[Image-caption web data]
====
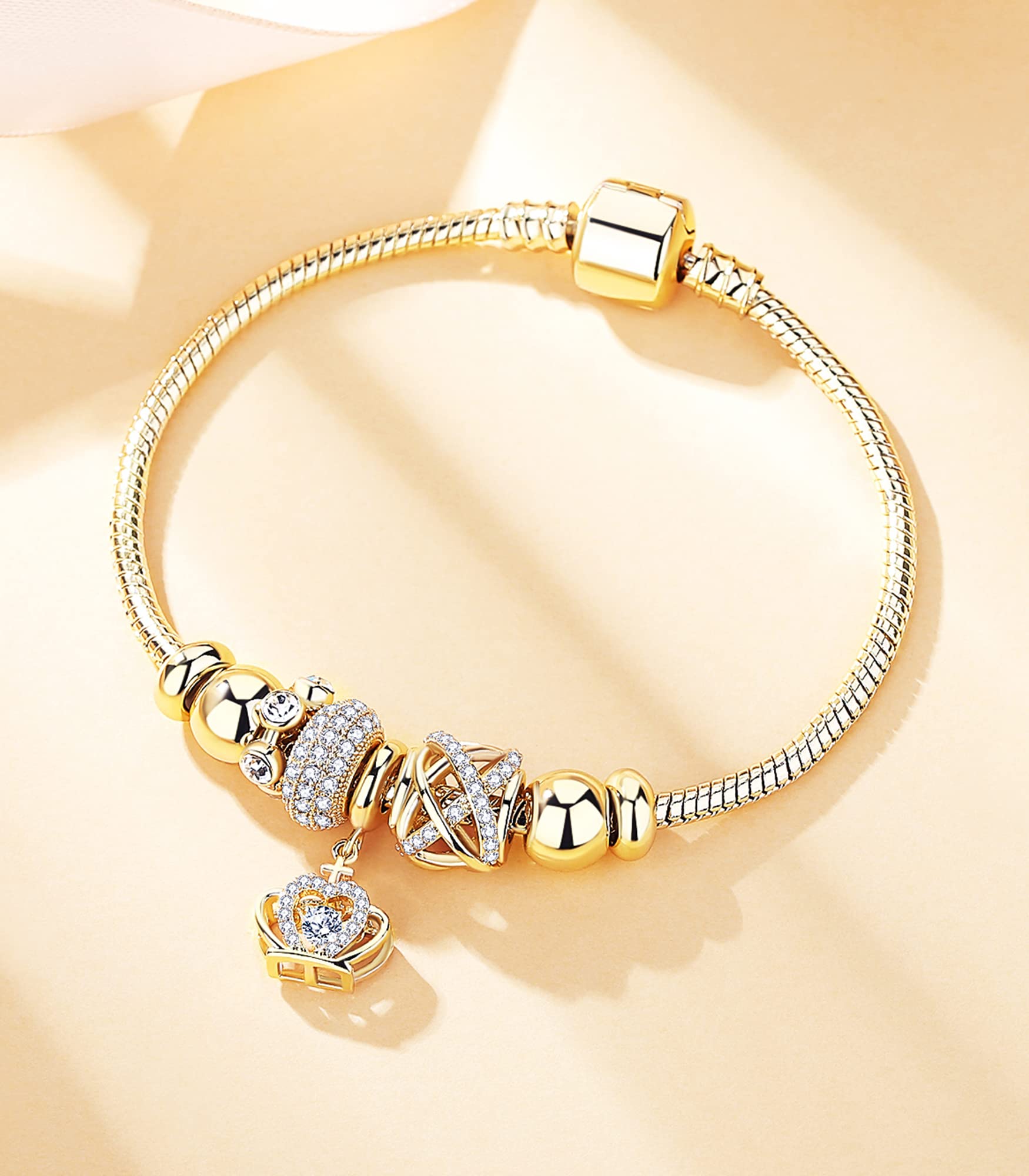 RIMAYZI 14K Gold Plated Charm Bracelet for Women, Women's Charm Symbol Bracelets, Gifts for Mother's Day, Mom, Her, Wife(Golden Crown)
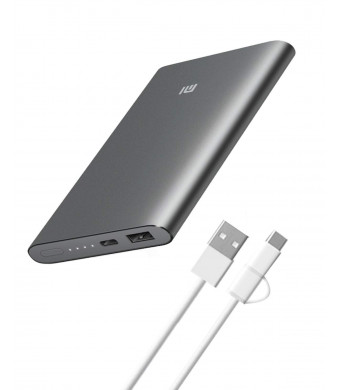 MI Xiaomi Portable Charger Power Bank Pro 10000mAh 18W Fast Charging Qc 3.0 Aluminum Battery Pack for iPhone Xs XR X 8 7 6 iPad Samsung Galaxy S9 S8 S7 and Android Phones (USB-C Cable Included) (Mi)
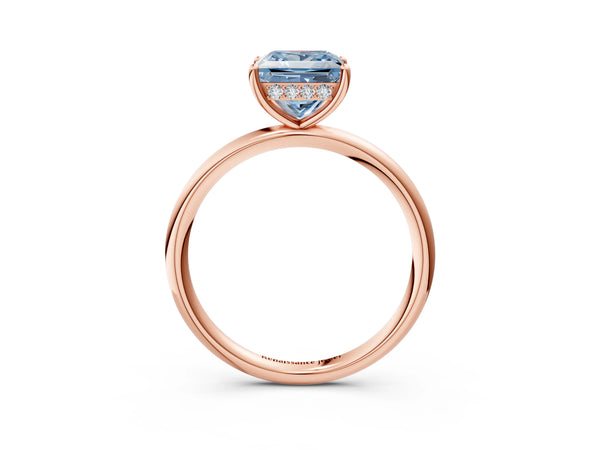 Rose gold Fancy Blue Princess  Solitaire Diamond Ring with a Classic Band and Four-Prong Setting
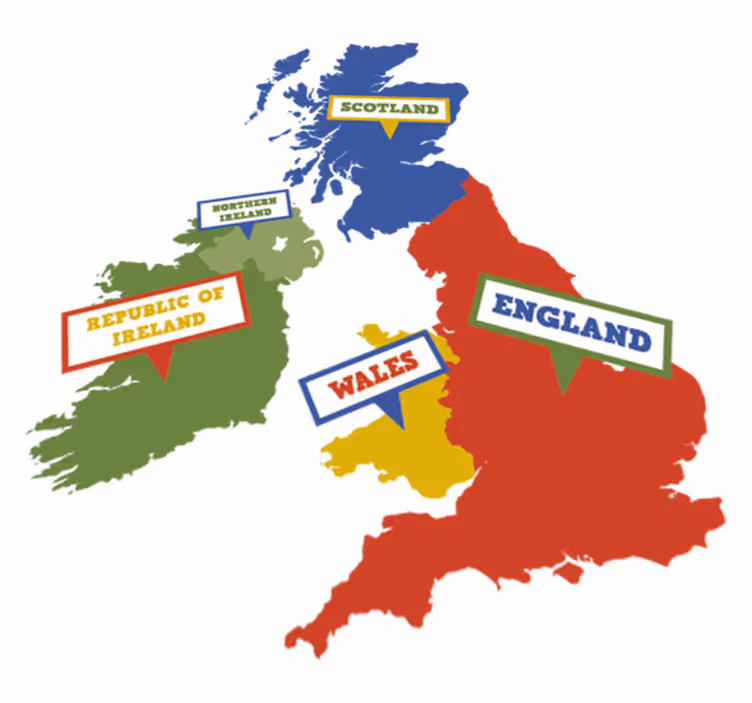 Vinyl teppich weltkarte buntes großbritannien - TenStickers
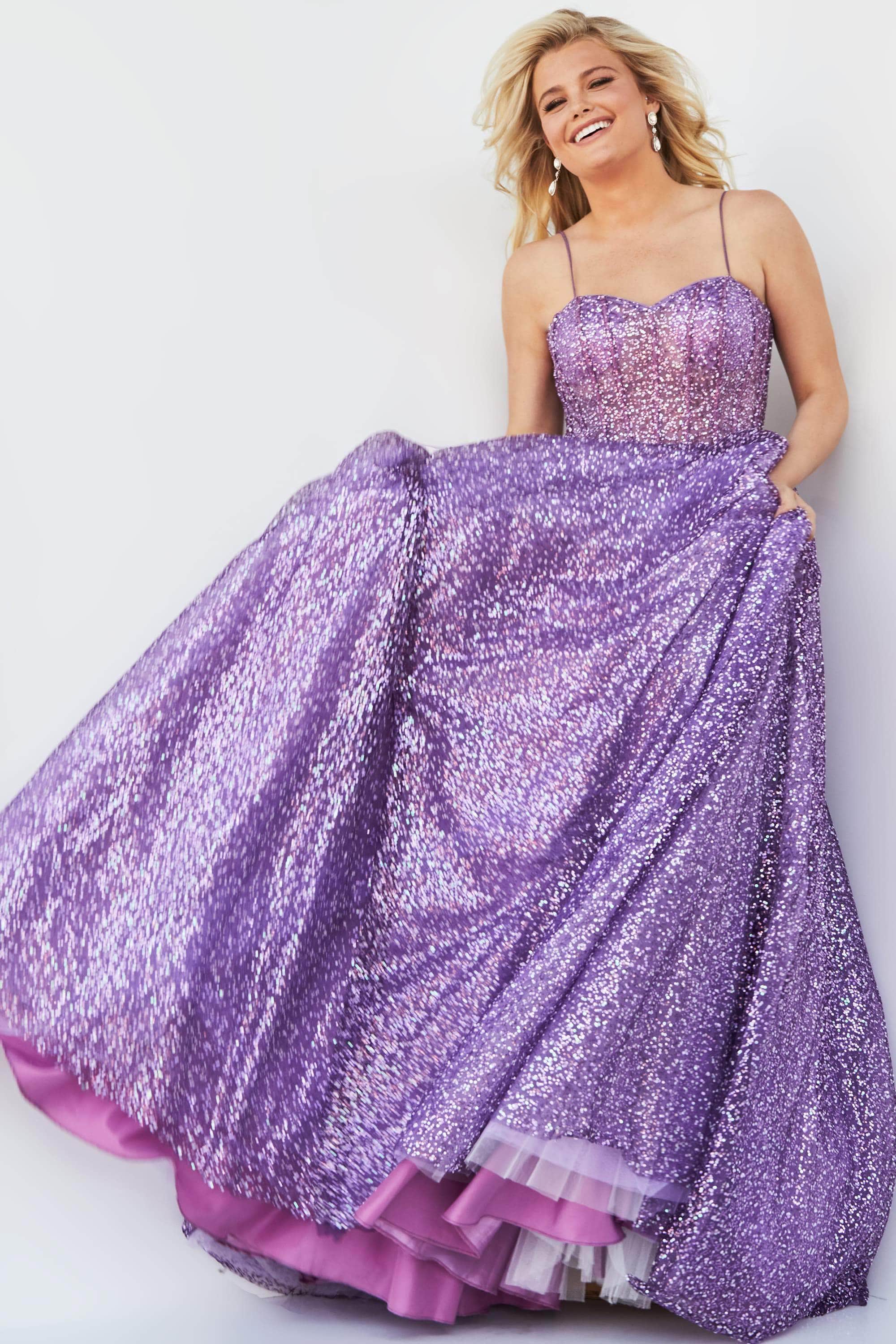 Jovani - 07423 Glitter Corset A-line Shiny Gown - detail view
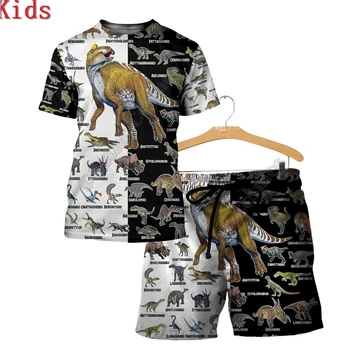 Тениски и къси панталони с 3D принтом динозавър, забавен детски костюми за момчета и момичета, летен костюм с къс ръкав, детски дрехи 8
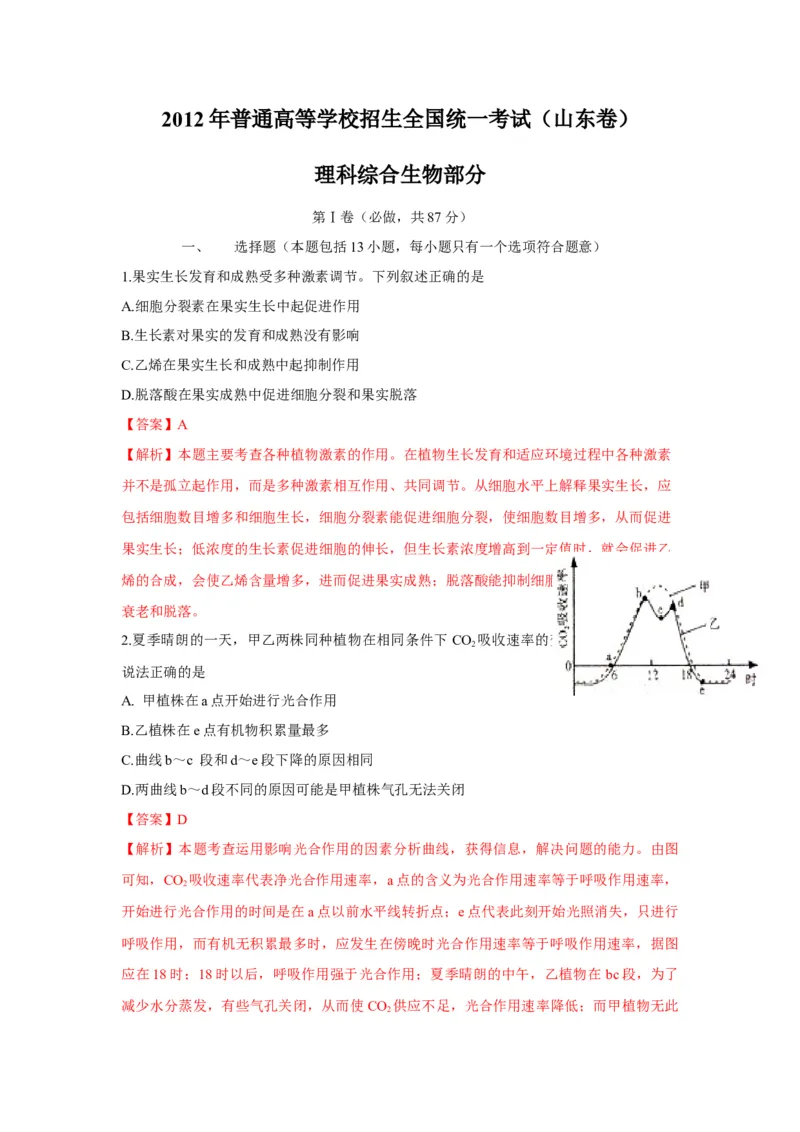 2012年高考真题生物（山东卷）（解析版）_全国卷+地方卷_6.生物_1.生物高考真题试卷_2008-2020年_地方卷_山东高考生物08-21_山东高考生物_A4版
====
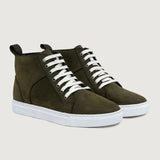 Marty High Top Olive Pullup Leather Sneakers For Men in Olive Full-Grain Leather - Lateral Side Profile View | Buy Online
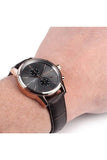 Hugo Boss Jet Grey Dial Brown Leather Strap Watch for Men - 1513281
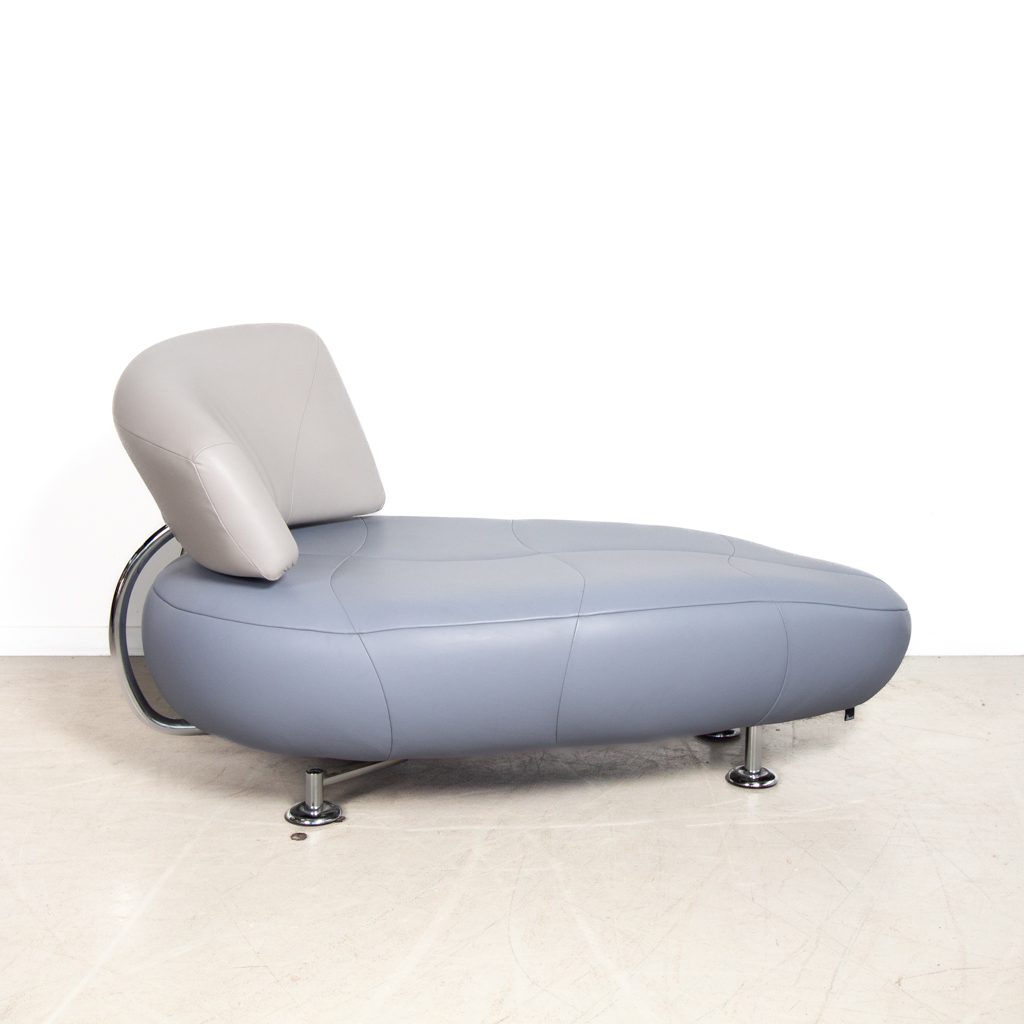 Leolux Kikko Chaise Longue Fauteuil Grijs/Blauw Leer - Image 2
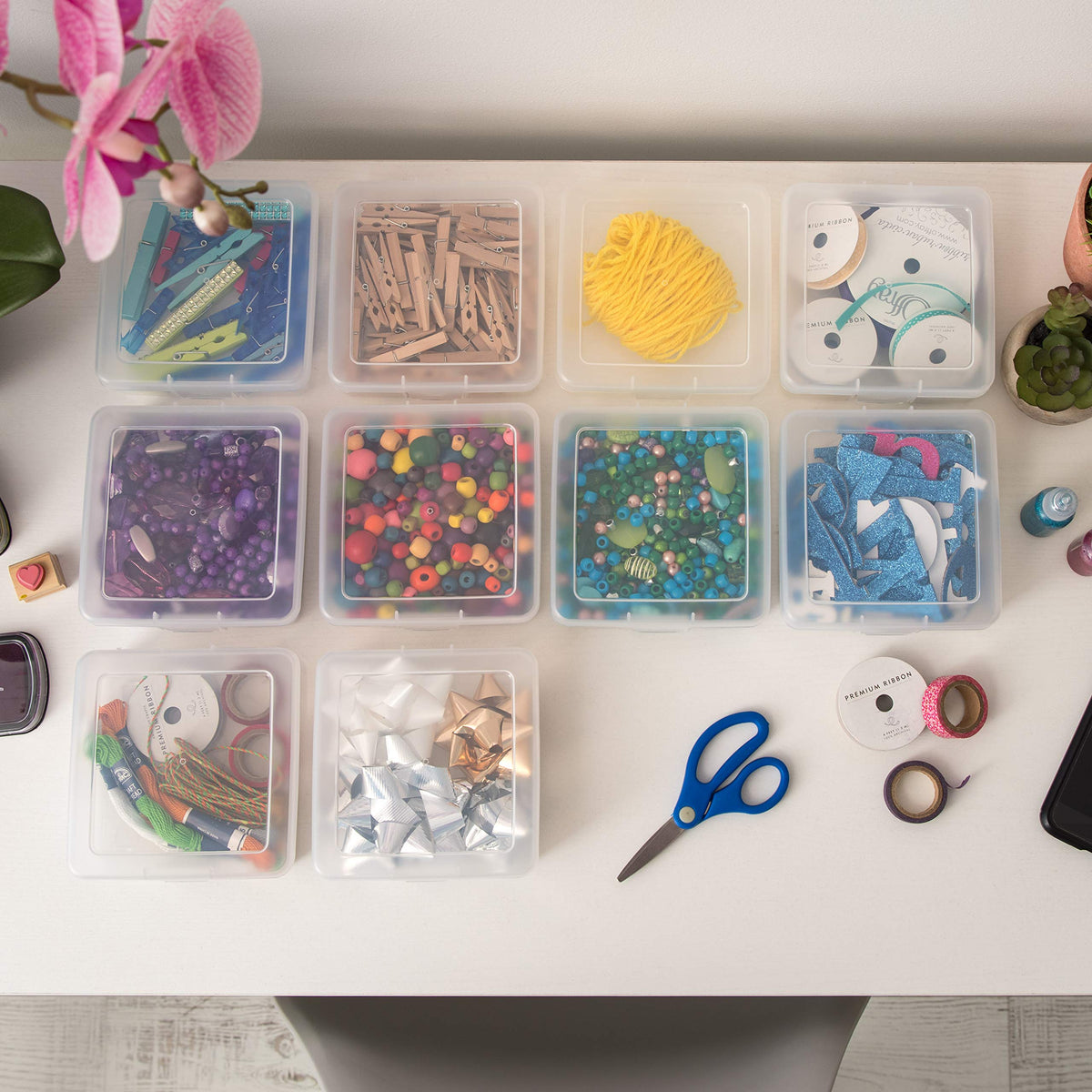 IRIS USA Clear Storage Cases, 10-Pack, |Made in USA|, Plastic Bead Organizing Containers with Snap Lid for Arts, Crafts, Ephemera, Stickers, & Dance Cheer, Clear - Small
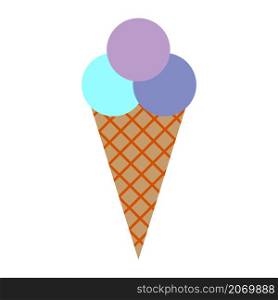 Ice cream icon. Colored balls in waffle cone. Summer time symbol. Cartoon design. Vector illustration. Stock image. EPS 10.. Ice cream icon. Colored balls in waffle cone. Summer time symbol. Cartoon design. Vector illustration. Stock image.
====
[Task directions]
Return exactly the stretch above whose first line contains "Rose gold Fancy" and whose last line contains "2012年高考真题生物（山东", and nothing outside it. The pictures should not appear.

[Result of the task]
 Rose gold Fancy Blue Princess  Solitaire Diamond Ring with a Classic Band and Four-Prong Setting
 Vinyl teppich weltkarte buntes großbritannien - TenStickers
 Jovani - 07423 Glitter Corset A-line Shiny Gown - detail view
 Тениски и къси панталони с 3D принтом динозавър, забавен детски костюми за момчета и момичета, летен костюм с къс ръкав, детски дрехи 8
 2012年高考真题生物（山东卷）（解析版）_全国卷+地方卷_6.生物_1.生物高考真题试卷_2008-2020年_地方卷_山东高考生物08-21_山东高考生物_A4版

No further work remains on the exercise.